By: Quennie Ann J. Palafox

        Mateo Noriel Luga is probably one of the most unsung revolutionaries the Philippines ever had. His parentage and other information about him remain mysterious, but his legacy is more essential for the Filipinos to know. The Cebuanos look up to him because he fought for Cebu during the turbulent early years of American encroachment even though he was not a Cebuano but a native of Tumauini, Isabela province.

      Mateo Luga was an experienced soldier having gained his skills in combat when he fought against the Spanish forces in Malinta, Antipolo, Montalban, San Pedro de Makati, Paliparan, Munting Lupa, Kalookan in the early years of revolution after joining the Katipunan in 1896.

         Between the summer of 1898 and mid-1899, the armed insurrection against Spain in Cebu was at its peak. A revolutionary government was established by the rebels in Cebu after Spanish Governor Adolfo Montero abandoned the province of Cebu and sought refuge in Zamboanga. Peace prevailed over the island but it was cut short with the unexpected arrival of the American occupation forces in Cebu. Fighting between the Americans and the Cebuanos broke out in 1899 when the latter refused to recognize the Americans as new rulers.  In the midst of these armed hostilities, Gen. Aguinaldo commissioned Mateo Luga to be the personal adviser of the Katipunan in Cebu in April 1899.
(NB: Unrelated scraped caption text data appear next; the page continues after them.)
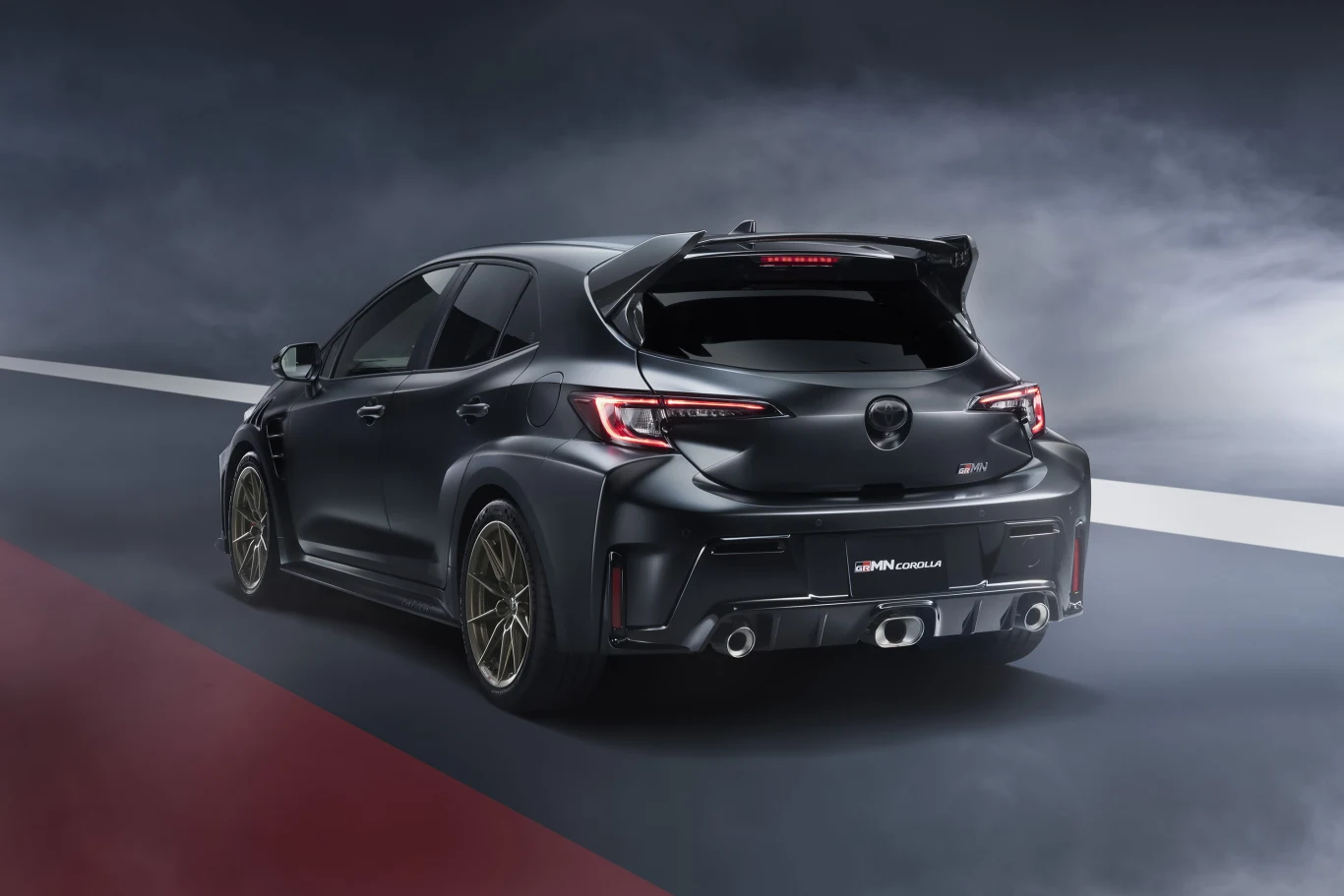 Czarny hot-hatch z agresywnymi liniami nadwozia, dużym tylnym spojlerem, podwójnymi końcówkami wydechu oraz sportowymi felgami, ustawiony na asfaltowej nawierzchni.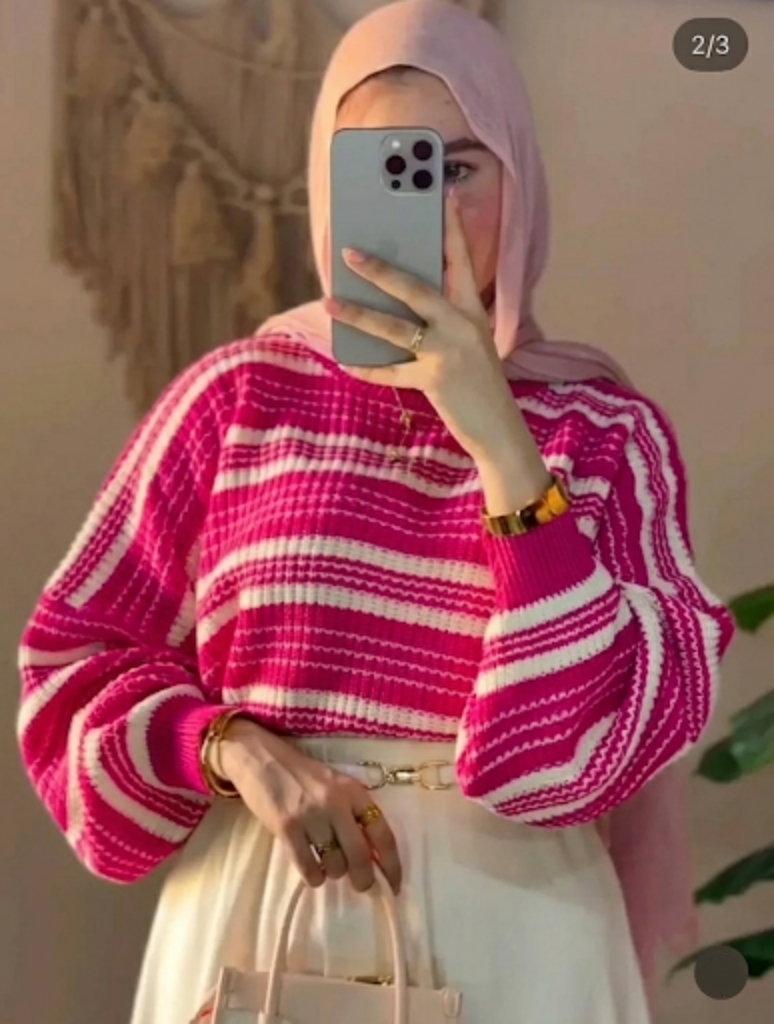 بلوزة تريكو مقلمة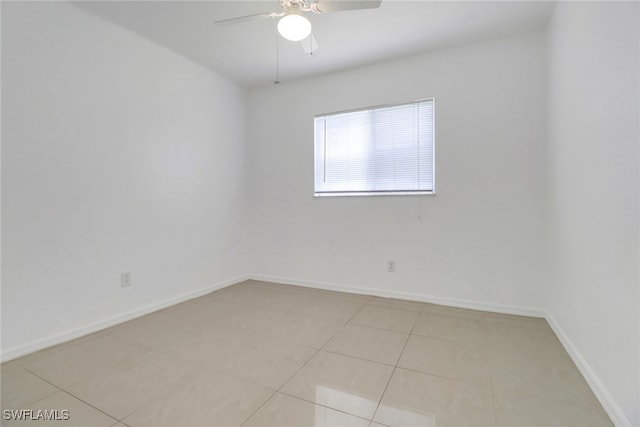 765 Aprile Ave S, Lehigh Acres, FL 33974 - spare room with a ceiling fan and light tile patterned floors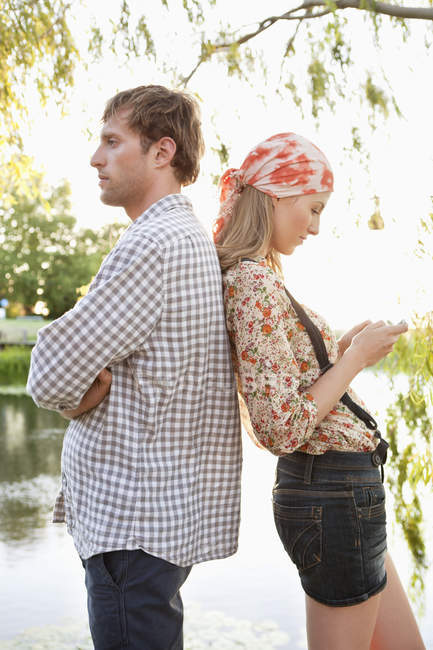 Side view of couple standing back to back with mobile phone — Stock Photo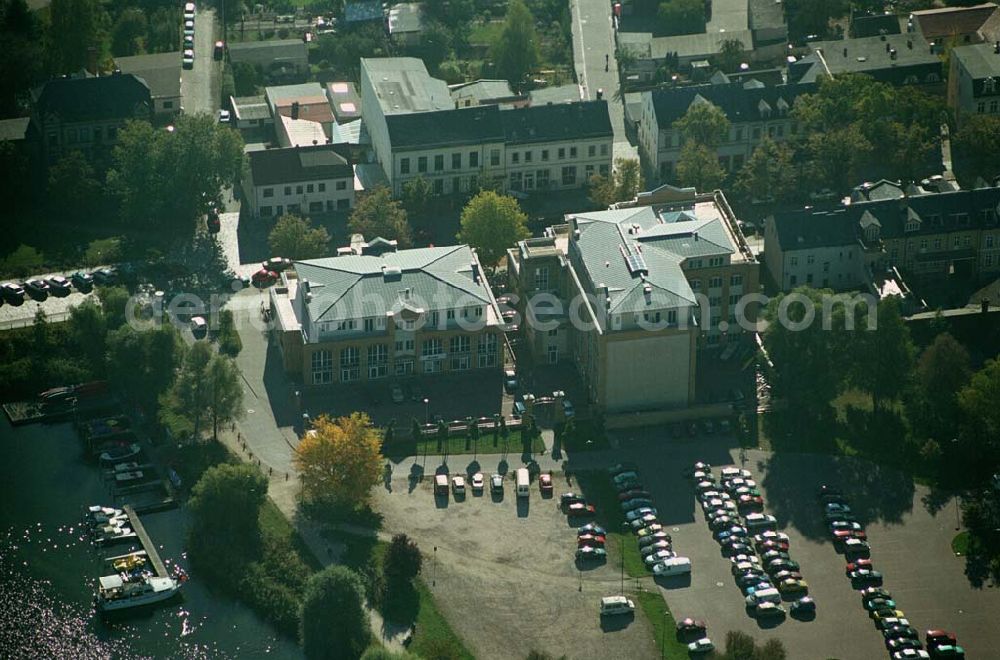 Werder ( Brandenburg ) from the bird's eye view: Das »Alte Brauhaus Werder« wurde 1887 erbaut und steht unter Denkmalschutz. 1995 wurde es aufgestockt und um einen Anbau erweitert. Beide Bauteile bilden ein Ensemble, das sich an der Hauptgeschäftsstraße befindet und in der Innenstadt von Werder einen architektonischen Schwerpunkt bildet. HVB Immobilien AG Der Standort unmittelbar am Ufer der Havel und kurz vor der Brücke in die historische Altstadt gehört zu den exponierten Lagen vor Ort.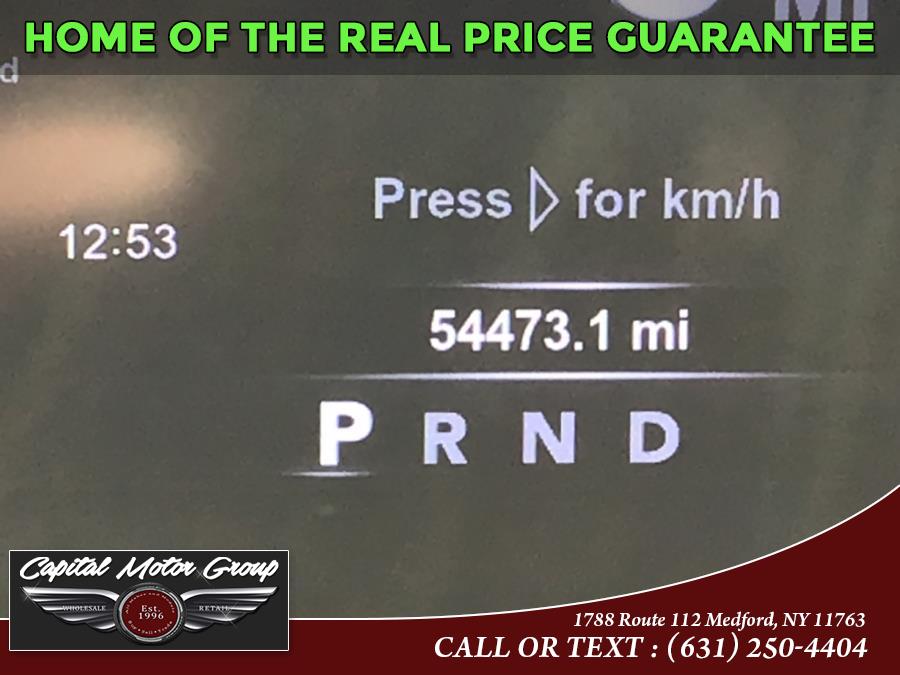 2015 Ram 1500 4WD Crew Cab 140.5" Sport, available for sale in Medford, New York | Capital Motor Group Inc. Medford, New York 2015 Ram 1500 4WD Crew Cab 140.5" Sport, available for sale in Medford, New York | Capital Motor Group Inc. Medford, New York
        He proceeded to Cebu together with his bodyguards aboard a ship.  When he arrived in Cebu he was suspected as a spy and brought before General Climaco who ordered his released when he was recognized as the person sent by Gen. Aguinaldo to Cebu. When the revolutionary government divided into three operational sectors, the central zone was placed under Gen. Luga who was the only non-Visayan leader during that time.  The Ibanag general engaged his American foes in guerilla warfare, launching raids, assaults, and ambushes ambushes between 1899 and 1901. His toughest battle with the Americans was at Sudlon which lasted for nine days in January 1900. The revolutionary forces knowledge of the terrain gave them an advantage over the Americans which ended in a victory on the part of the Filipinos.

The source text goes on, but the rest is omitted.